In response, the governments of several African nations banned all travel from the infected countries. After all, epidemic was still limited to those three countries and was still containable through travel bans. Yet the US government steadfastly refused to take any measures to prevent Ebola from entering the US.
When CDC director Dr. Thomas Frieden was asked why the US did not impose a travel ban, he said that a travel ban would have prevented the infected areas from receiving medical help. But surely the government could have exempted medical personal from the ban. Several other health experts hinted that the real reason for refusing to impose a travel ban was political correctness: it would have made the people of those West African nations feel bad.
In hindsight, Frieden’s gamble paid off. Although some infected Ebola patients did make their way to the US, the disease never spread beyond a handful of people. But it could have just as easily have gone the other way. One has to wonder if it was worth endangering thousands of Americans just so that the people of Sierra Leone could have higher self-esteem.

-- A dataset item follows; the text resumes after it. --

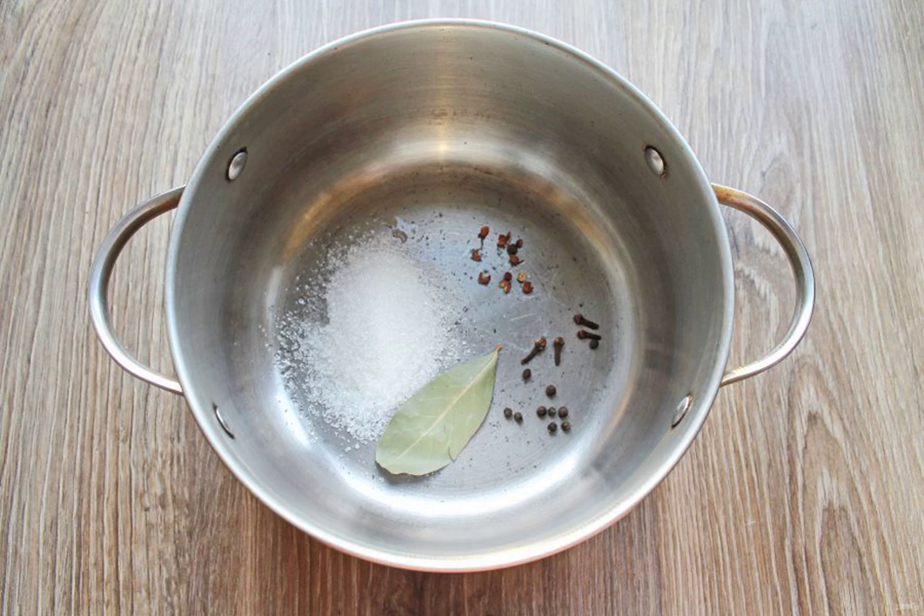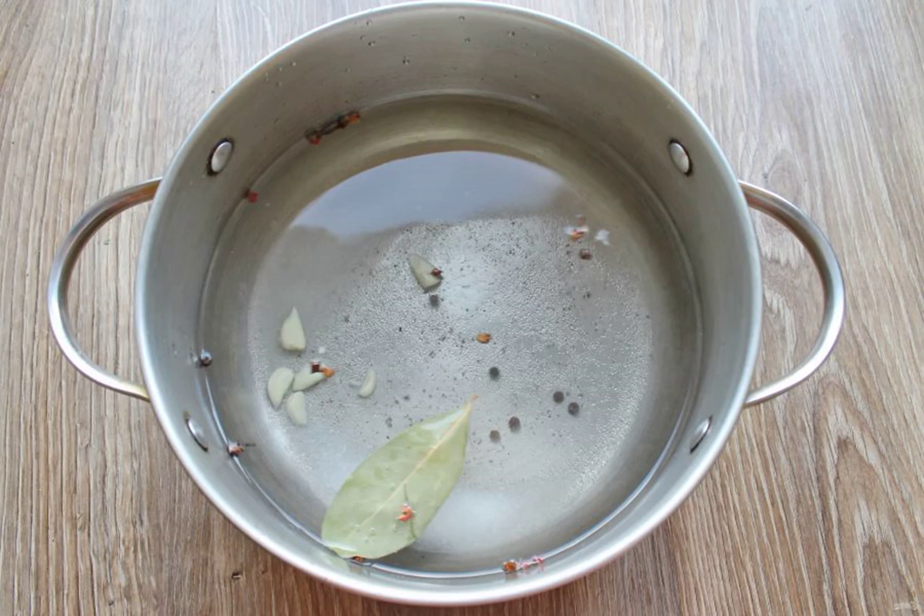In a deep saucepan, put all the spices, salt and sugar, pour in cold water and put it on medium heat. After boiling, boil it for 10 minutes.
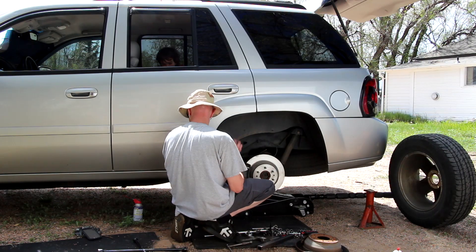While I was working on this brake job, my daughter was hanging out with me the whole time. Here are a couple of the things that were going on while I was working on the brakes.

If you have any doubts that the US is letting political expediency dictate our policy when it comes to dealing with infectious disease, check out Jonathan Katz’s article on the Haiti cholera outbreak, which has killed almost 10,000 people. Katz alleges that the CDC knew all along that the source of the cholera came from a UN peacekeeping force from Nepal that was defecating in Haiti’s main river, but that they covered it up because it cast the United Nations in a bad light.
In the end, it may not just be political correctness that is driving US policy. It may be that our ruling elite are so committed to the agenda of creating “diversity” in the US and Europe that not even the prospect of a pandemic will be allowed to slow it down. In fact, the elite may even welcome a pandemic as lowering the earth’s carbon footprint—as long as it does not include them, of course.